§ **How to complete this task**
Give back exactly the lines starting at the one with "Ginger Zee feet photo 4" and ending at the last line of the data below. Pictures are not part of the copy.

[Captioned web image data]
━━━━━━━━━━

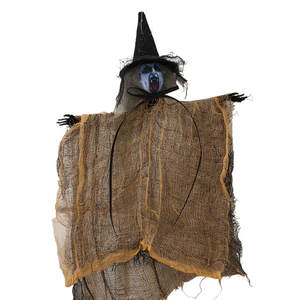 Halloween Fright Devil Doll Pendant Scarecrow Ghost Hanging Ornaments Ghost Festival Happy 2023 Halloween Party Decor For Home acacuss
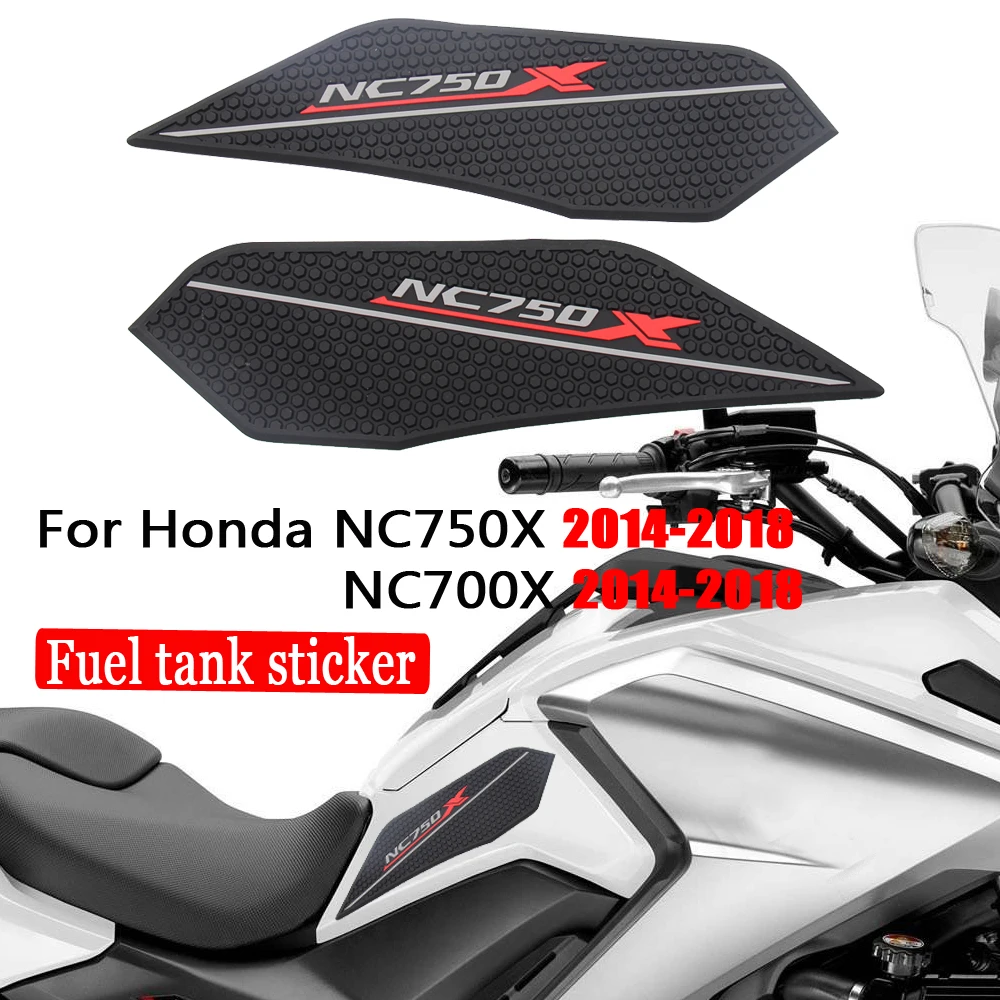 Наклейка на газовый коленный захват для HONDA NC750 NC700 NC750X 2014 2019 2018 2017 15|Наклейки и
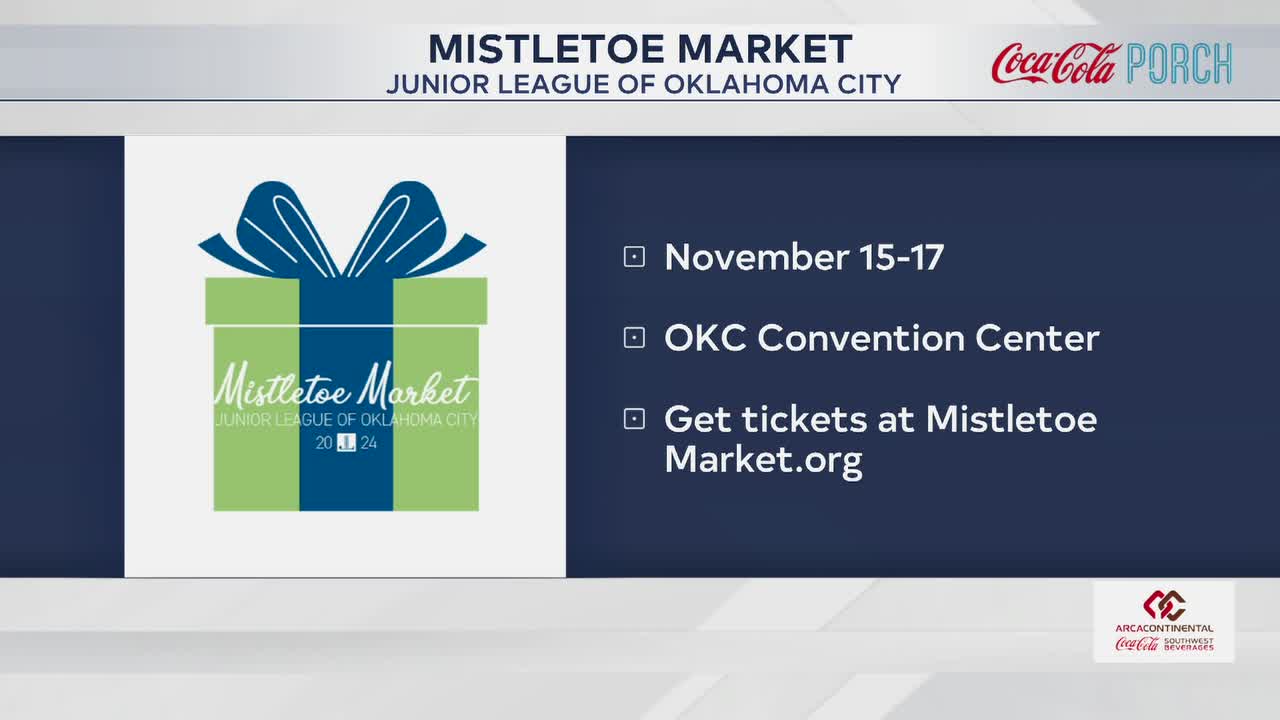 Mistletoe Market Offers Holiday Shopping For A Good Cause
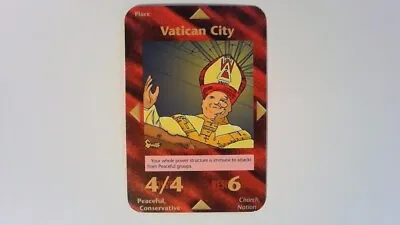 Vatican City - Illuminati New World Order INWO Limited Edition 1st Print • $1.99
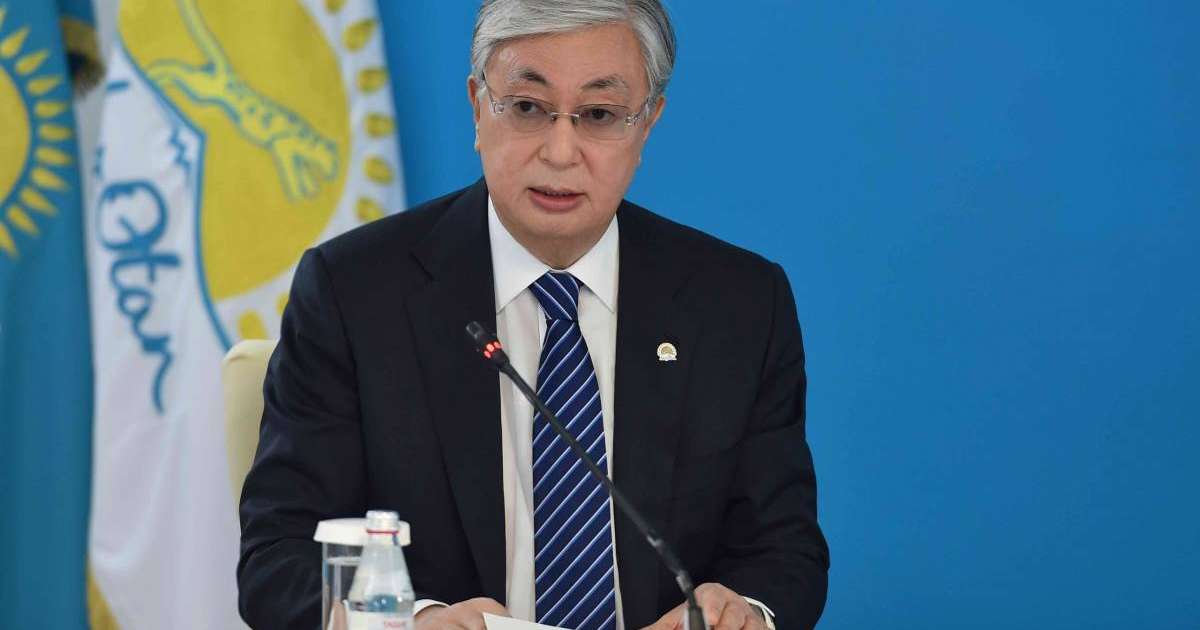 ҚР Президентінің Nur Otan партиясының кезектен тыс ХХ құрылтайында сөйлеген сөзі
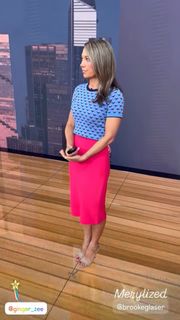 Ginger Zee feet photo 4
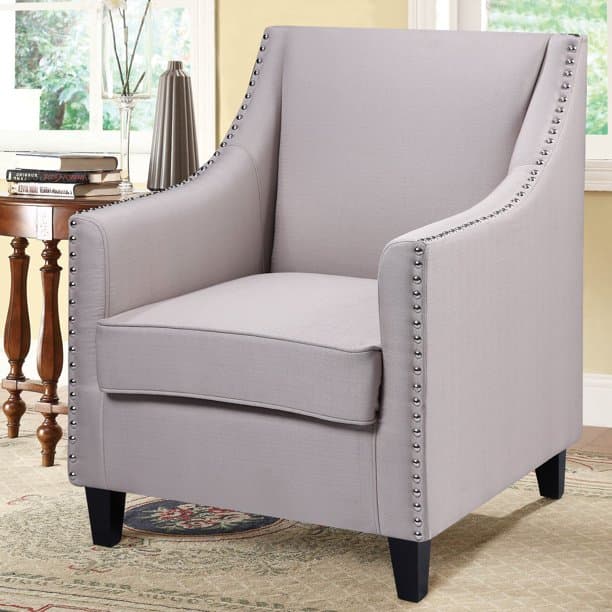 Cottage accent chair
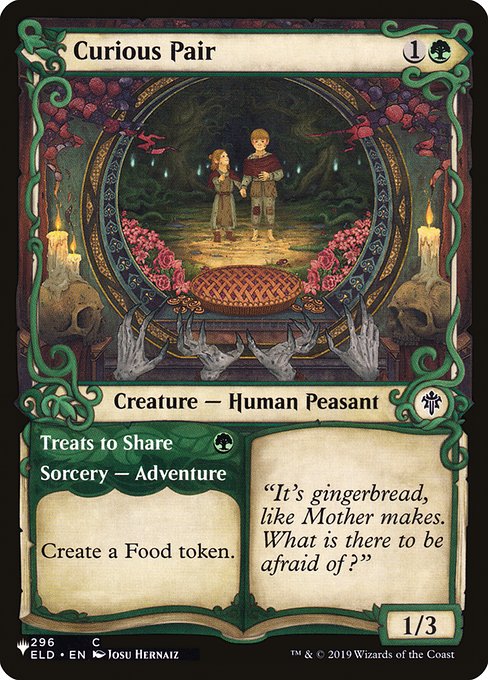 Curious Pair // Treats to Share [Showcase]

━━━━━━━━━━

§ **Result for this exercise**
 Ginger Zee feet photo 4
 Cottage accent chair
 Curious Pair // Treats to Share [Showcase]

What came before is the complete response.